Start at the line with "No Time~Fake Love (Prod. DaddyMadeIt)" and print every line through the end of the material below. Keep it exact and free of pictures.
^^^^
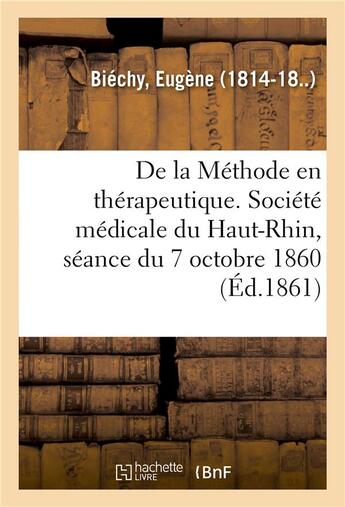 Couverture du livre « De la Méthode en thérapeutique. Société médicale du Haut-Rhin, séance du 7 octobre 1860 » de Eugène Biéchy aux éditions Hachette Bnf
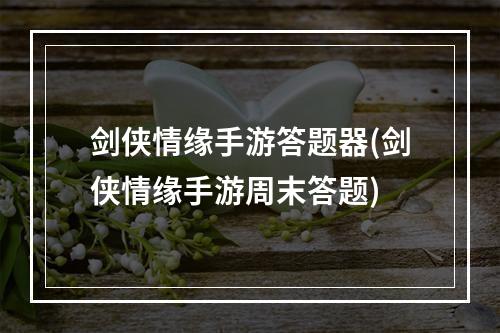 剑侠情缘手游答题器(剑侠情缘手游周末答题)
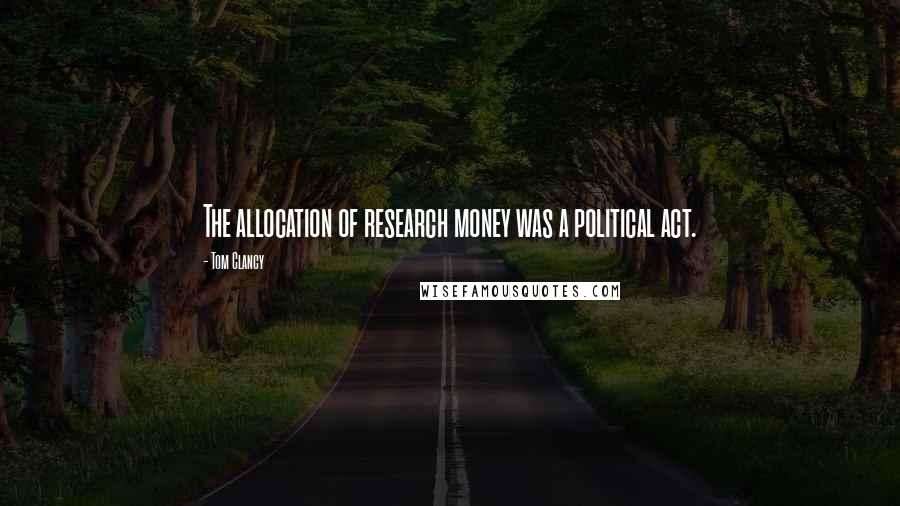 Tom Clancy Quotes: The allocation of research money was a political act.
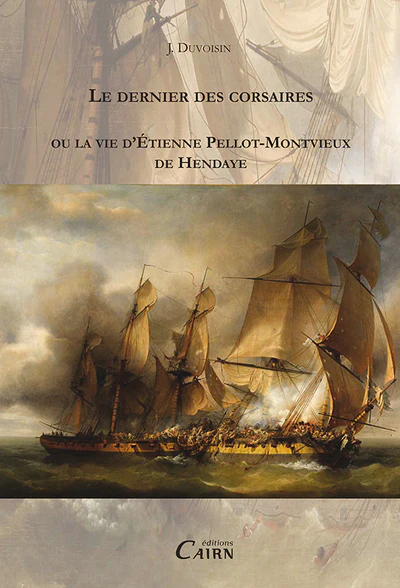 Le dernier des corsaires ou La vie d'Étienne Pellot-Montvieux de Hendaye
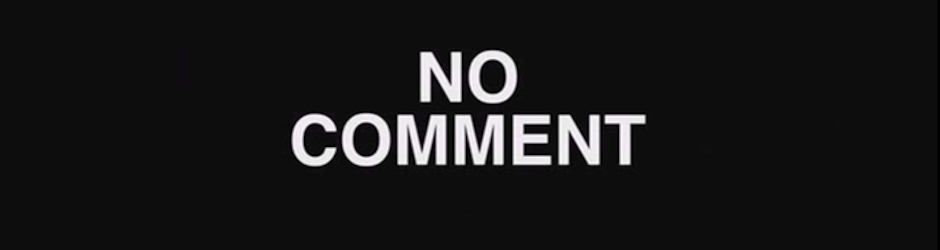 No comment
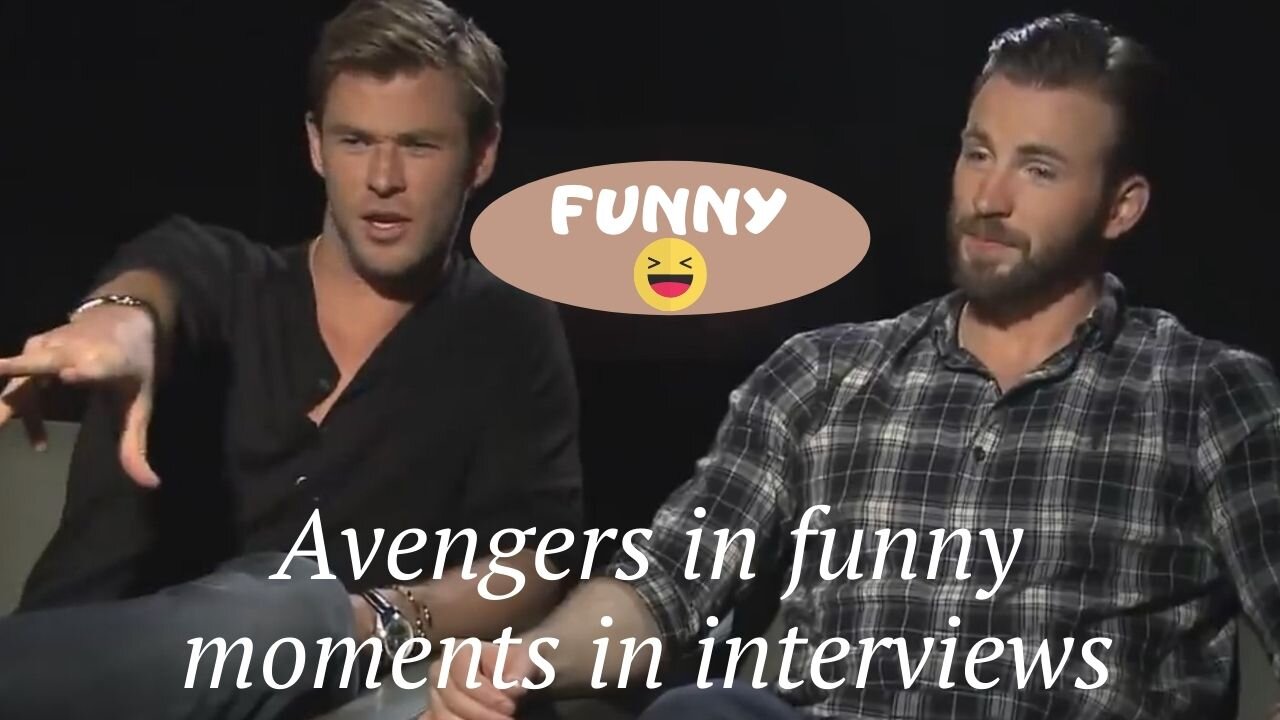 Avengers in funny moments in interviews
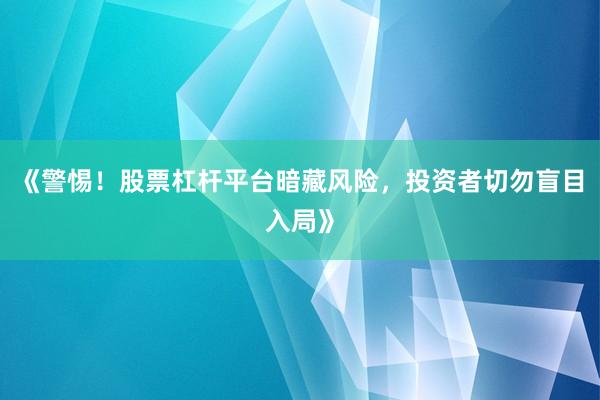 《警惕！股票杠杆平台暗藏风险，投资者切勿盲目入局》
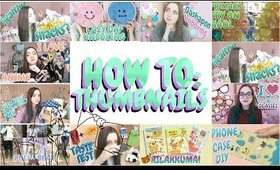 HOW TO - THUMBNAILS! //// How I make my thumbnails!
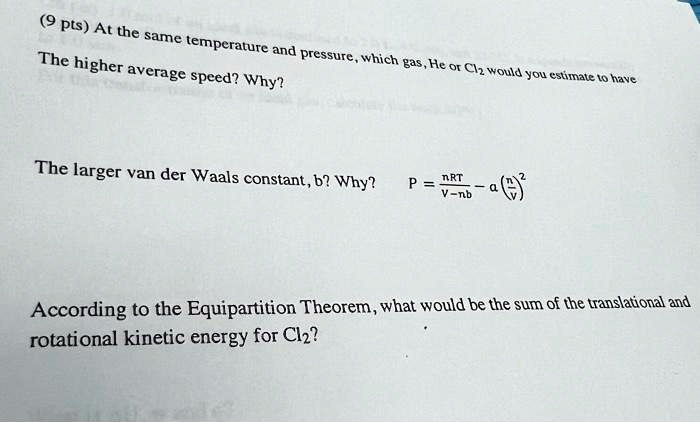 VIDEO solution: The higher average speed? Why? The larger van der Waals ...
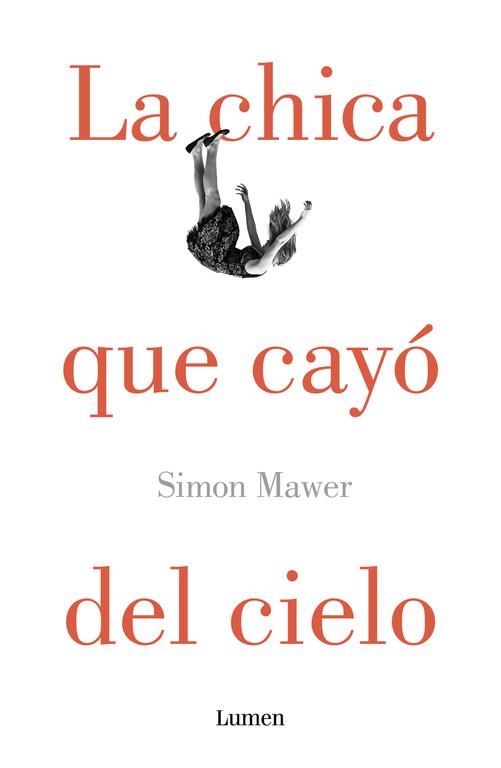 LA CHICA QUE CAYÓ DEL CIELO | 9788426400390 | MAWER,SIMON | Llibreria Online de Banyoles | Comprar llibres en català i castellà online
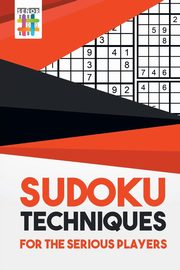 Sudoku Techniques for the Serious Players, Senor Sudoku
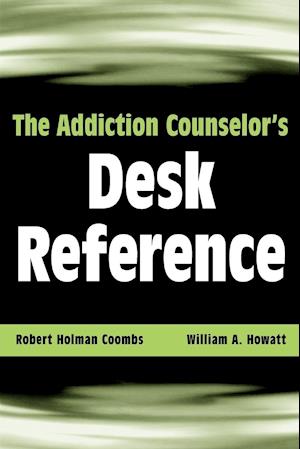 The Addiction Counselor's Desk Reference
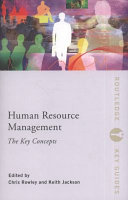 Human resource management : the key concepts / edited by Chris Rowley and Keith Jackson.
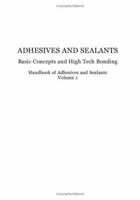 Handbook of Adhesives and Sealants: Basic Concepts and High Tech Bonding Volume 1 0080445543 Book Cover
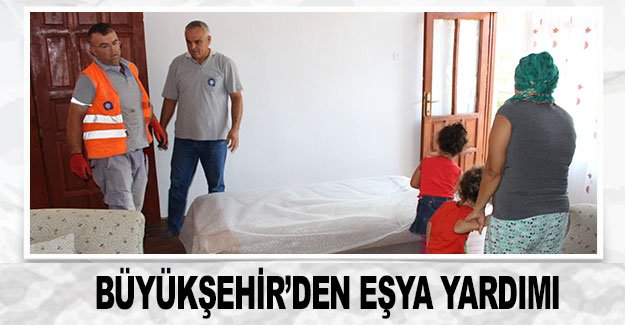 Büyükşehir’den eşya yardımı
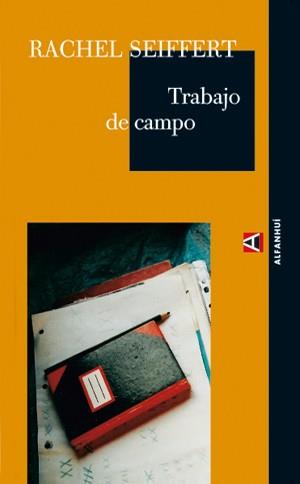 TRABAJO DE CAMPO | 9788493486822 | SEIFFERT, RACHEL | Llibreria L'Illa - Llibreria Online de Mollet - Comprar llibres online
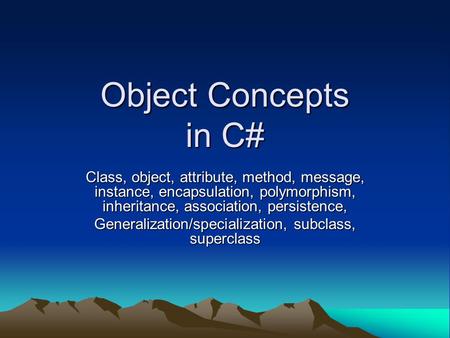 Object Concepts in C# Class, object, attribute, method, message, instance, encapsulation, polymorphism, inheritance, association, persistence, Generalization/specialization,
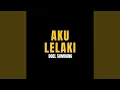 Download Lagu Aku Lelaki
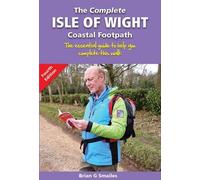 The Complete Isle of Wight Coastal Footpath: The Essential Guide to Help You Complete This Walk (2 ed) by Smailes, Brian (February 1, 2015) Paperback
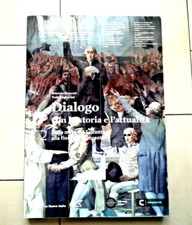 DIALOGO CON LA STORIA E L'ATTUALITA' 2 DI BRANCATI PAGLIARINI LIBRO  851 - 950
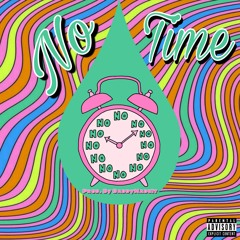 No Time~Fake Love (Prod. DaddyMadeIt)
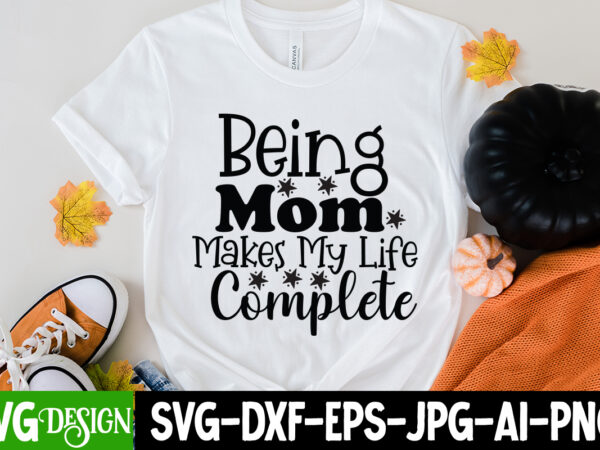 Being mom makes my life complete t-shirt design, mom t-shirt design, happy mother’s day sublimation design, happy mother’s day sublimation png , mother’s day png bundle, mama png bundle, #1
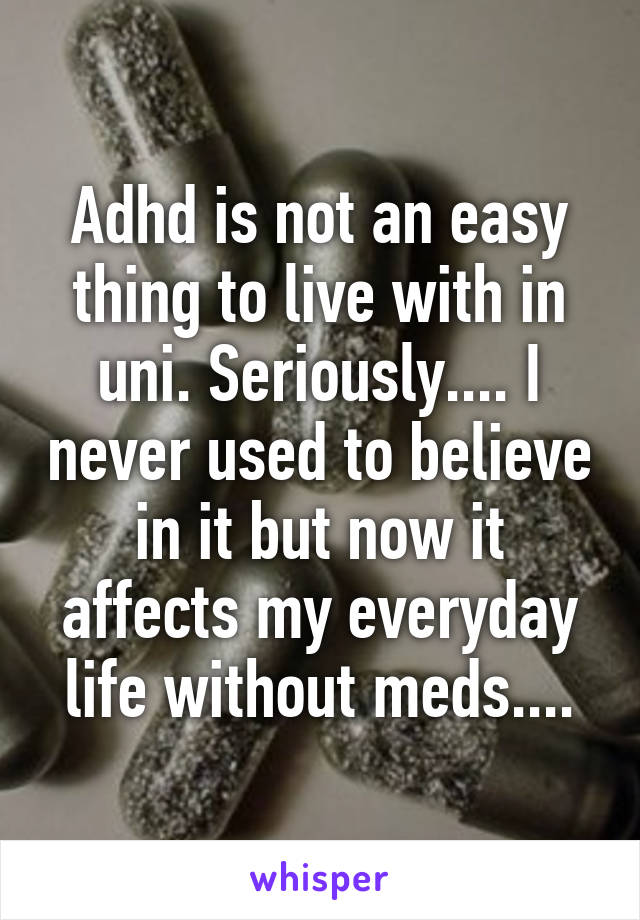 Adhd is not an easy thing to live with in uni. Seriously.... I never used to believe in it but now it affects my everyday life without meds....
^^^^
= Expected answer =
 No Time~Fake Love (Prod. DaddyMadeIt)
 Being mom makes my life complete t-shirt design, mom t-shirt design, happy mother’s day sublimation design, happy mother’s day sublimation png , mother’s day png bundle, mama png bundle, #1
 Adhd is not an easy thing to live with in uni. Seriously.... I never used to believe in it but now it affects my everyday life without meds....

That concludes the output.